Preoperatively, 49 (40.5%) and 54 (42.5%) eyes in the irrigation and nonirrigation groups, respectively, had no PVD. In the irrigation group, 15 (12.4%), 7 (5.8%), 3 (2.5%), and 47 (38.8%) eyes had stages 1, 2, 3, and 4 PVD, respectively, whereas in the nonirrigation group, 13 (10.2%), 14 (11.0%), 0 (0%), and 46 (36.2%) eyes had stages 1, 2, 3, and 4 PVD, respectively. In two groups of eyes without preoperative PVD, some degree of PVD was observed in 2 (4.1%), 8 (16.3%), and 14 (28.6%) eyes at postoperative 1 week, 1 month, and 3 months, respectively, in the irrigation group and 6 (11.1%), 22 (40.7%), and 37 (68.5%) eyes at postoperative 1 week, 1 month, and 3 months, respectively, in the nonirrigation group (P = 0.274, P = 0.006, and P < 0.001). There was a significantly higher proportion of eyes with PVD at 3 months postoperatively in the nonirrigation group than in the irrigation group (P = 0.003) (Figure 4).

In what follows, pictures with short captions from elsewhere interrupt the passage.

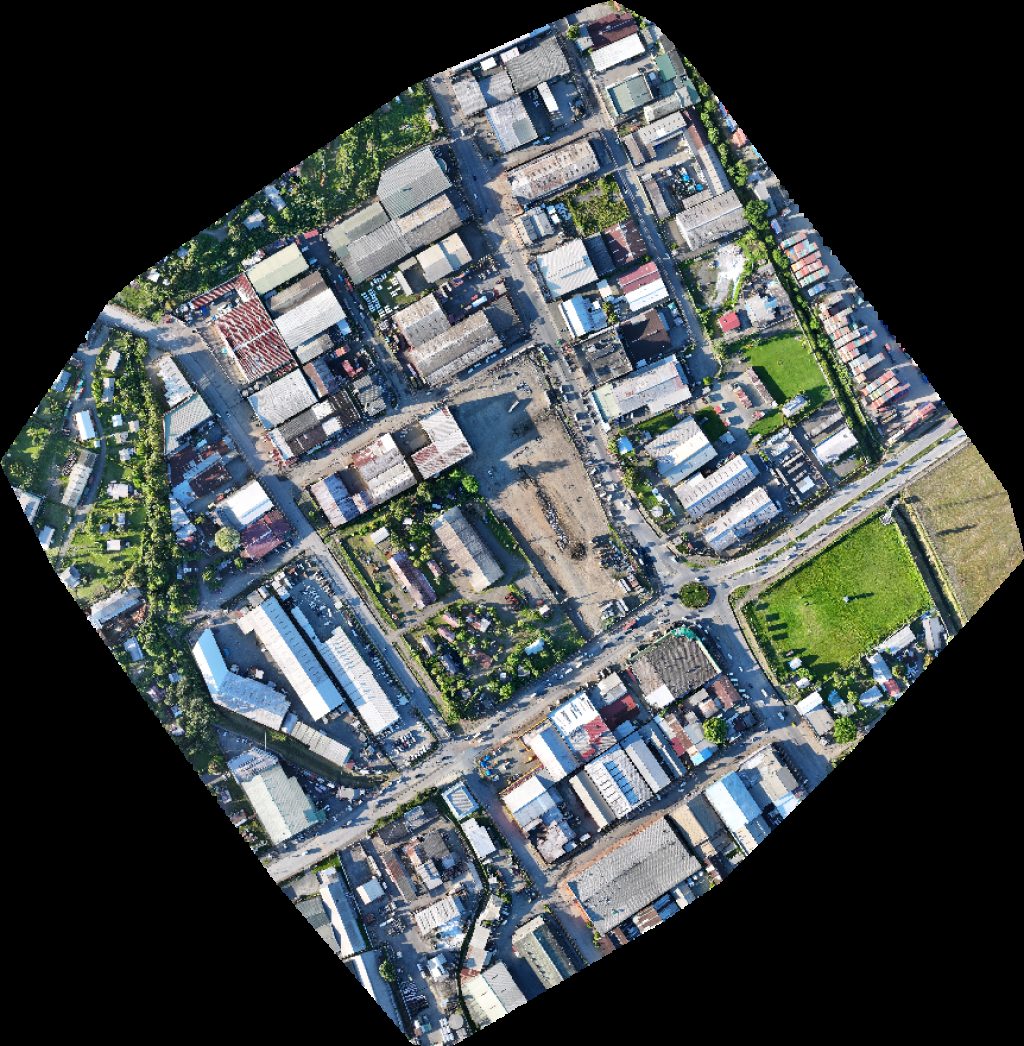 Drone map of Flex clothing Plaza Ideal Auto Parts Branch in lae plaza Aerial drone map in Lae, Morobe Province, PG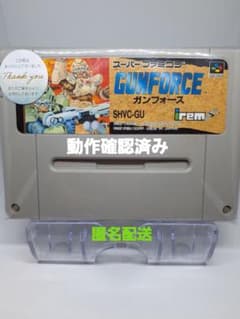 任天堂】SFC ガンフォースGUNFORCE 動作確認済み - メルカリ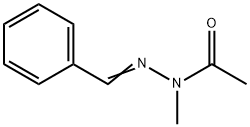 N-methyl-N'-(phenylmethylene)acetohydrazide Structure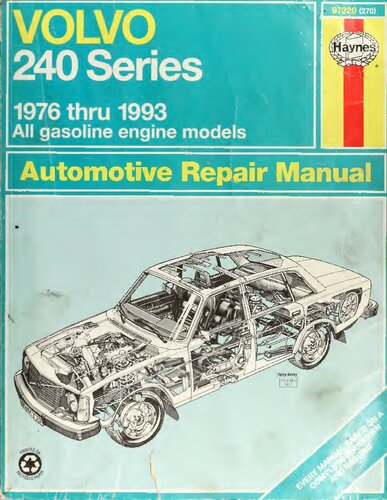 Haynes Volvo 240 Series 1976 thru 1993 Automotive Repair Manual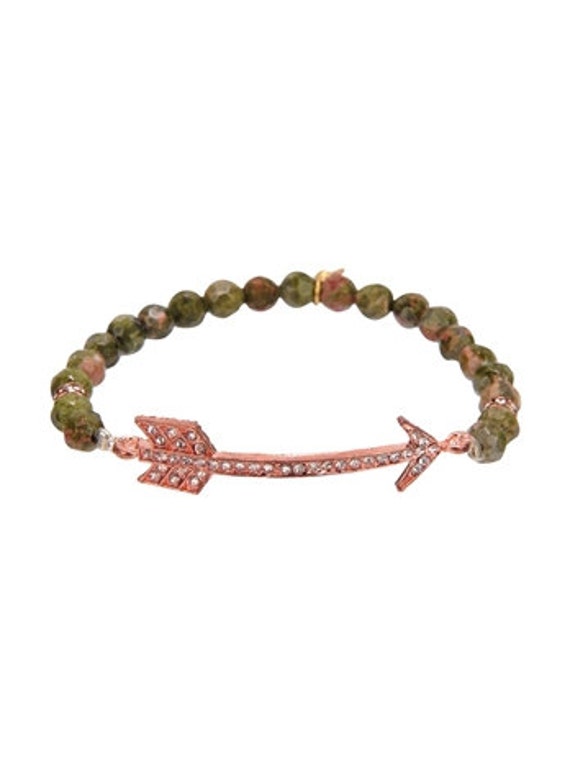 Halb Kostbare Perlen Pfeil Armband Halb Kostbare Perlen Pfeil Armband von Sparklesplendor
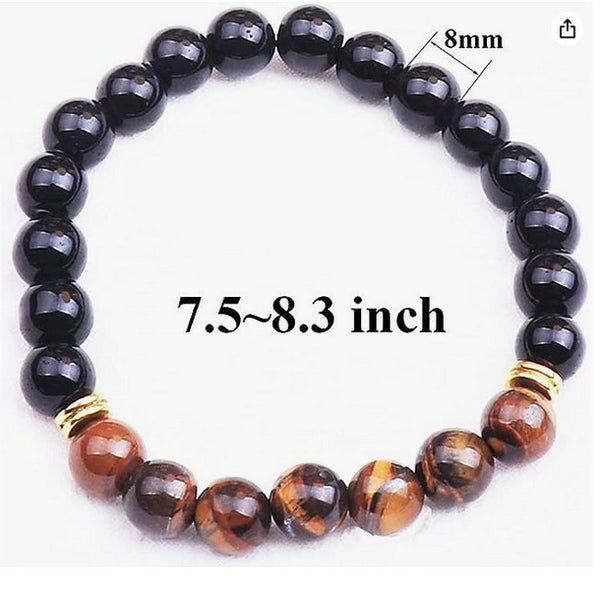 Bohemian Natural Stone Cord Bracelet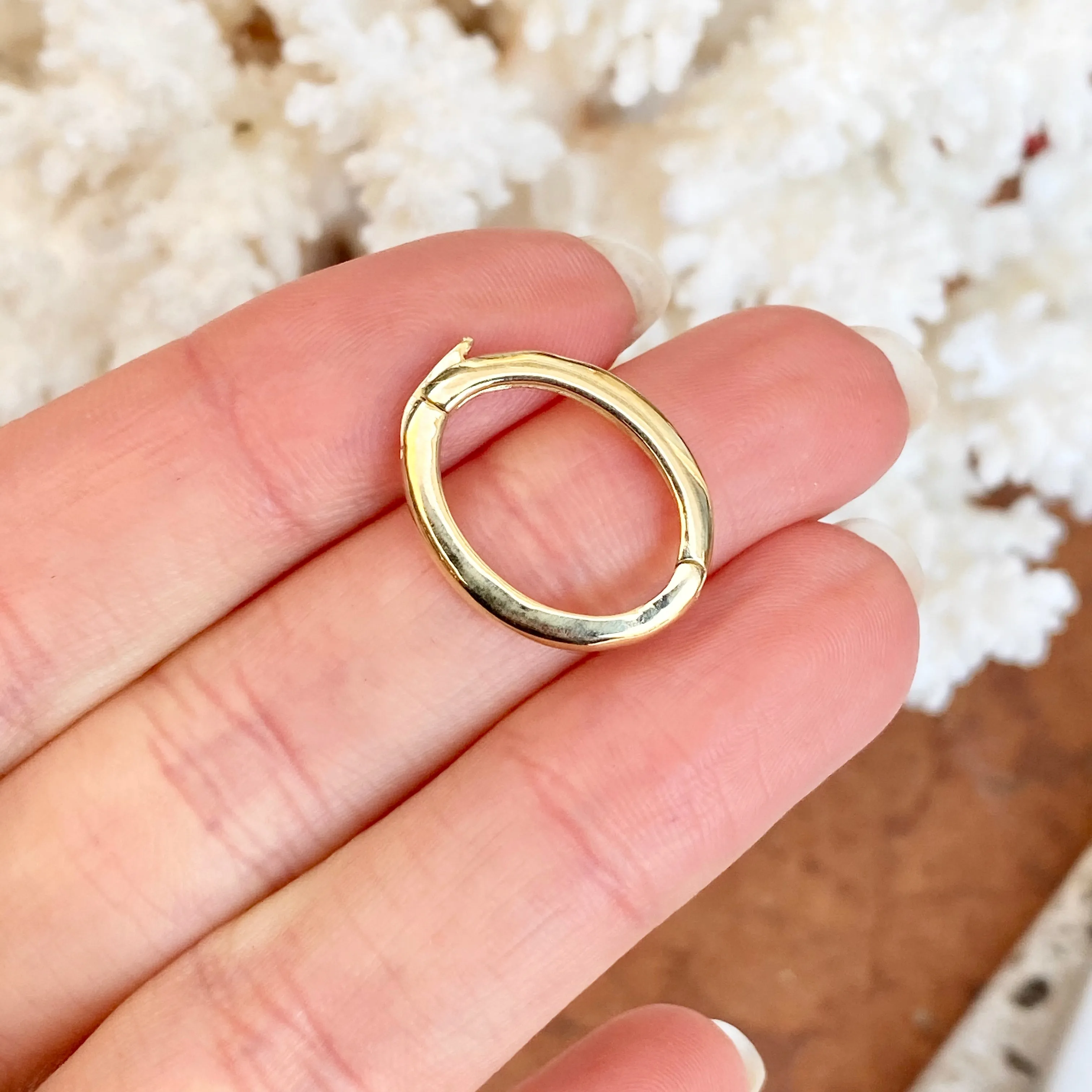 14KT Yellow Gold Pearl Shortener Enhancer Bail 17mm x 12mm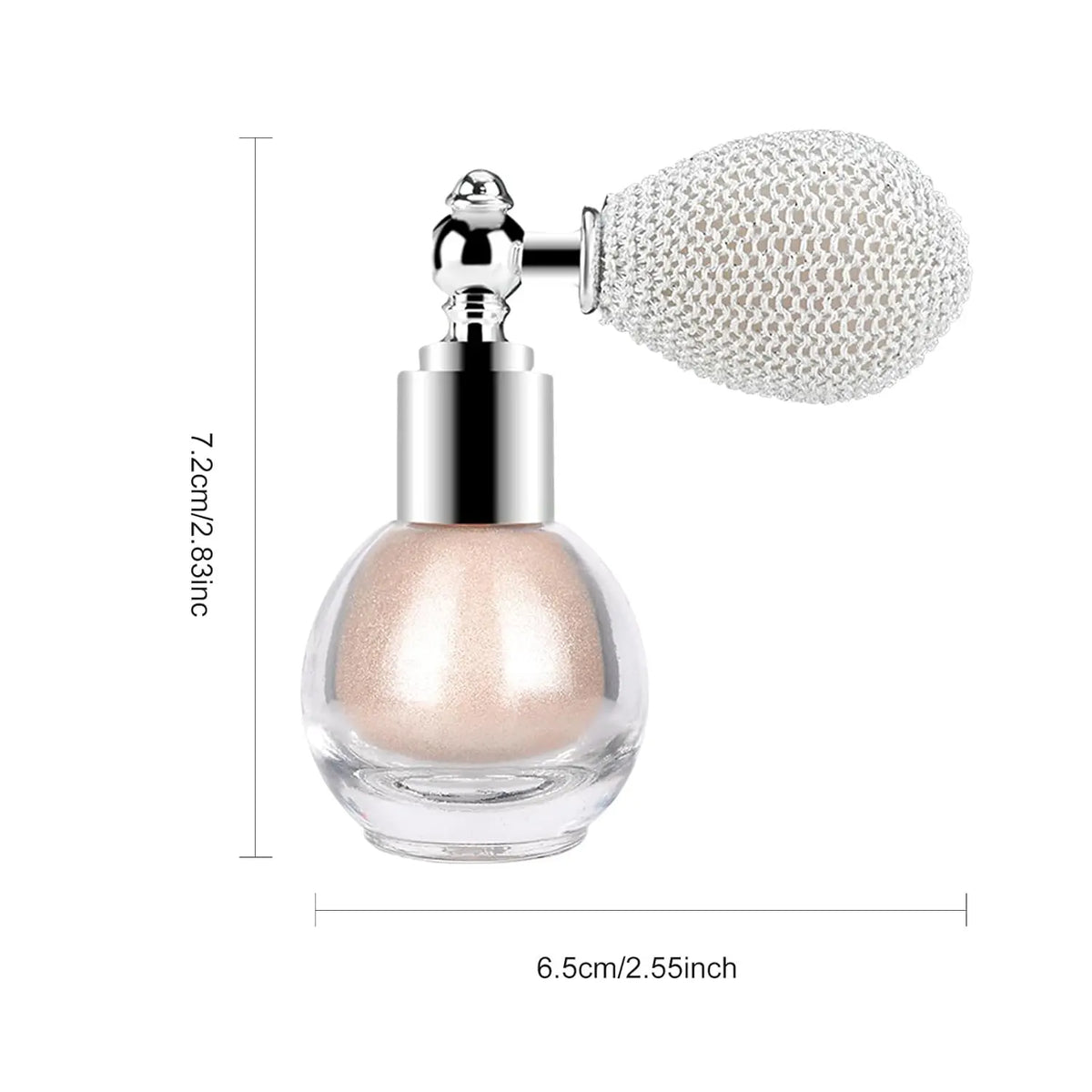 ⏳🔥Last Day-Buy 1 Get 1 Free🔥⏰Glitter Powder Spray, Loose Shimmer Powder, Highlighter Spray Makeup for Face Body Hair, Lasting Glitter Hairspray, Cosmetic Sparkling Body Makeup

Percentage of eyes with posterior vitreous detachment preoperatively and at 1 week, 1 month, and 3 months postoperatively (^∗P = 0.015). PVD: posterior vitreous detachment. ^∗A significant P value.

Figure 5 shows the preoperative and postoperative CFT values in the irrigation and nonirrigation groups. CFT was significantly higher in the nonirrigation group at 1 and 3 months postoperatively (P = 0.018 and P = 0.010). No eyes in the irrigation group and five (3.9%) eyes in the nonirrigation group had macular edema (ME), highlighting a trend toward a greater incidence in the nonirrigation group (P = 0.06) (Figure 5).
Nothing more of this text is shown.